Scientists have begun a new study that will use the spectacular region as a "natural laboratory" to answer long-standing questions around how much CO2 enters and leaves our atmosphere today.
It follows the striking findings of a recent study that suggested our forests and other areas could be pulling in 60 per cent more CO2 than we'd estimated, with native trees likely to thank for most of it.
Being able to accurately measure our greenhouse gas emissions was critical to predicting how climate change would affect us in the future.
But being able to measure those emissions demanded a clear understanding of what scientists call "fluxes" - CO2 being pulled out of and pushed into the atmosphere.
Fluxes in Fiordland, home to one of our largest native forests, have been particularly contested.
Getting the true picture could lie in a new method - developed by Niwa and based on permanent measurements of atmospheric CO2 concentrations at critical sites around the country - to quantify national CO2 sink and source fluxes.
By analysing these measurements, scientists could work out the country's net CO2 fluxes, which was crucial for reporting of national greenhouse gas emissions that New Zealand has pledged to slash by 11 per cent below 1990 levels, by 2030.
Niwa atmospheric scientist Dr Peter Sperlich said it was this new method that had indicated native forests in Fiordland may absorb much more CO2 than previously estimated.
In a project, supported with a $300,000 Marsden Fund grant, he and international colleagues will use Fiordland as a "natural laboratory" to build and test other new observational methods to quantify CO2 fluxes, on a regional scale.
The new method factored in monthly air sampling during phases when oceanic air was advected from the ocean towards Fiordland's coast, followed by the sampling of those same air masses after they'd passed over the region's forests and reached an inland site.

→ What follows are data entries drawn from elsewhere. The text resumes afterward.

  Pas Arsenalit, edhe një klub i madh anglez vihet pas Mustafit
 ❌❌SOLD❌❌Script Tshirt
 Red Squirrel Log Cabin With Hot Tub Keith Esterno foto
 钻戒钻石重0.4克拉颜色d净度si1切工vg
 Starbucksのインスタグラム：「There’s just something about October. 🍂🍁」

"This sampling strategy will enable us to interpret measurable differences between coastal and inland air as a function of trace gas exchange within Fiordland to derive a regional CO2 flux estimate."
The team would also draw upon a range of just-developed isotope tracers, each revealing the specific processes - such as CO2 being absorbed by plants or emitted by plants and soil - at play.

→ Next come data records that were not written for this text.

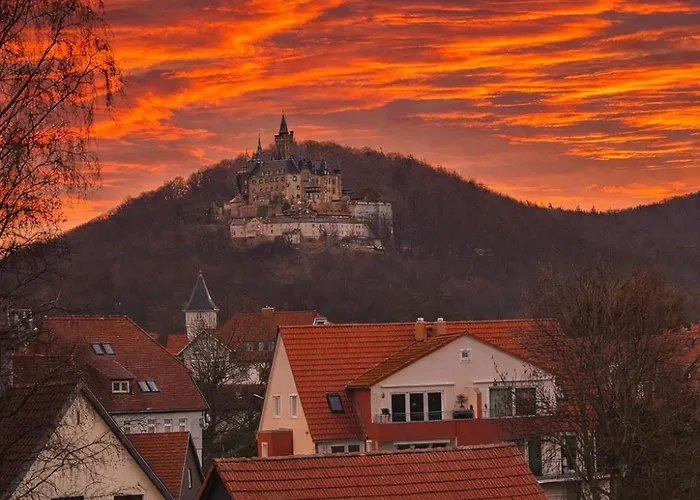 Elegante Altbauwohnung Mit Schlossblick Und Parkplatz *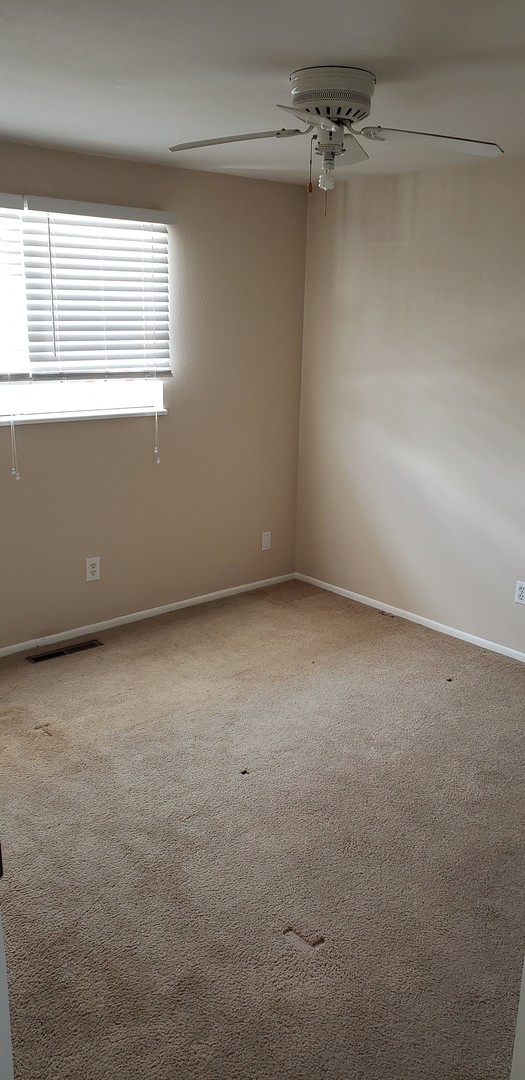 Move in ready 4 bedroom home For Rent on Shadowglen Dr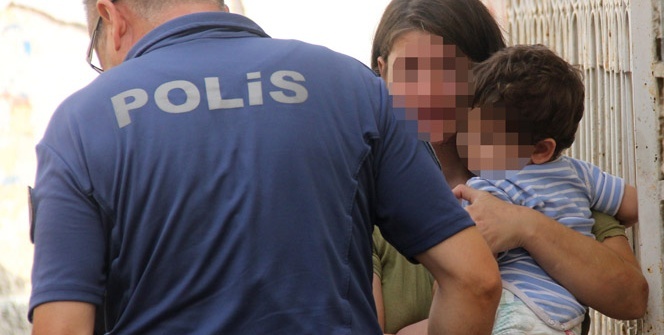 Öz anneden çocuklara şiddete mahalleli isyan etti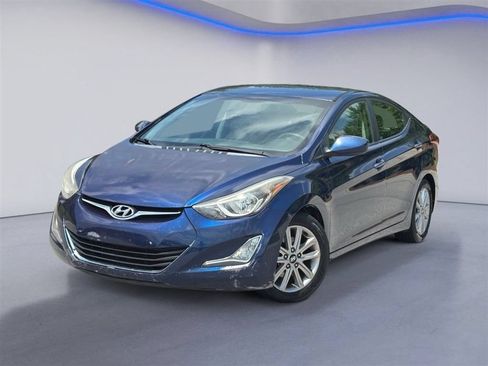 Used 2015 Hyundai Elantra SE w/ Option Group 02 FWD image 2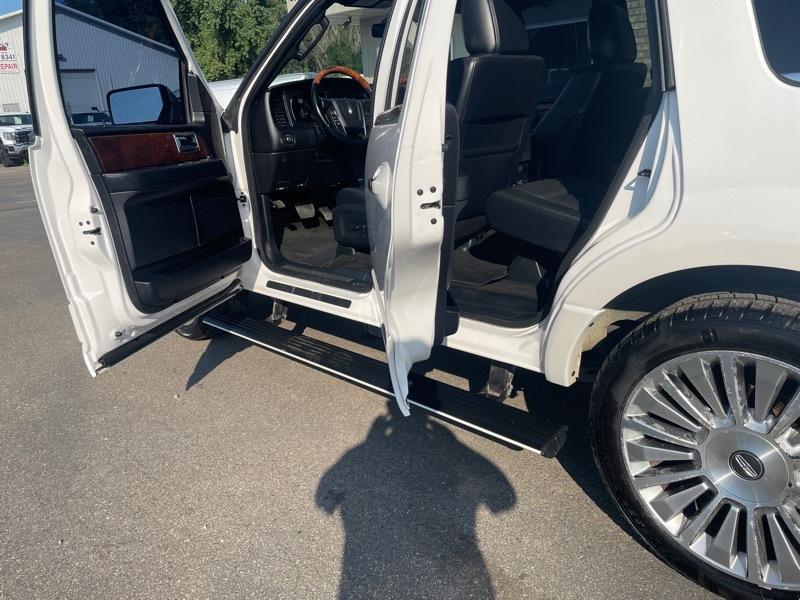 Lincoln Navigator Select 4WD 2016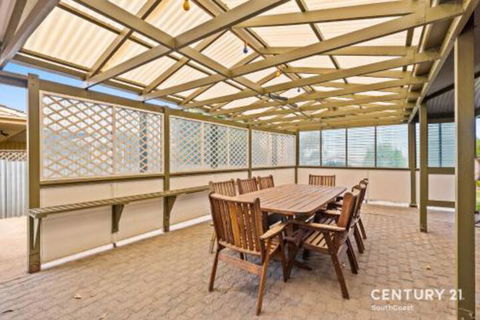 Reef & Vines Port Noarlunga - Hervey Bay Accommodation 3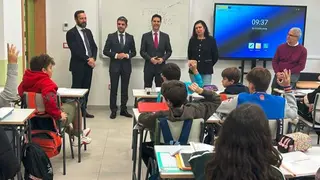 El consejero Viciana, en el Colegio Andrea Casamayor de Paracuellos del Jarama - Foto Comunidad de Madrid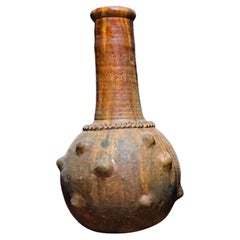 Tarro esférico de terracota esmaltada con incrustaciones, Marruecos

Importantly, isolated Fiordland represented an untouched ecosystem where scientists could hone in on small natural atmospheric signals that might otherwise be masked by large man-made ones.
Results of the new tracer tests would later be compared against those of two earlier, contradicting Fiordland-based studies, one of them based on tree physiology observations and the other based on atmospheric modelling.
The project stood to not just gain more clarity around Fiordland's contribution to our carbon budget, he said, but to offer a blueprint for similar studies elsewhere in the future.
"One of our goals is to determine the most efficient combination of atmospheric tracers to determine natural CO2 fluxes on regional scales with highest possible accuracy," he said.
"This may inform future tools to evaluate regional efforts to reduce CO2 emissions, inside and outside of New Zealand."
New Zealand scientists had already played a big part in a global scientific effort to gauge CO2 fluxes on a national scale.
"We expect that our study will further New Zealand's contribution to the improvement of existing methods to quantify and understand regional CO2 fluxes."
New Zealand and climate change
• Under present projections, the sea level around New Zealand is expected to rise between 30cm and 100cm this century. Temperatures could also increase by several degrees by 2100. • Climate change would bring more floods; worsen freshwater problems and put more pressure on rivers and lakes; acidify our oceans; put even more species at risk and bring problems from the rest of the world. • Climate change is also expected to result in more large storms compounding the effects of sea-level rise. • New Zealand, which reported a 23 per cent increase in greenhouse gas emissions between 1990 and 2014, has pledged to slash its greenhouse gas emissions by 30 per cent from 2005 levels and 11 per cent from 1990 levels by 2030.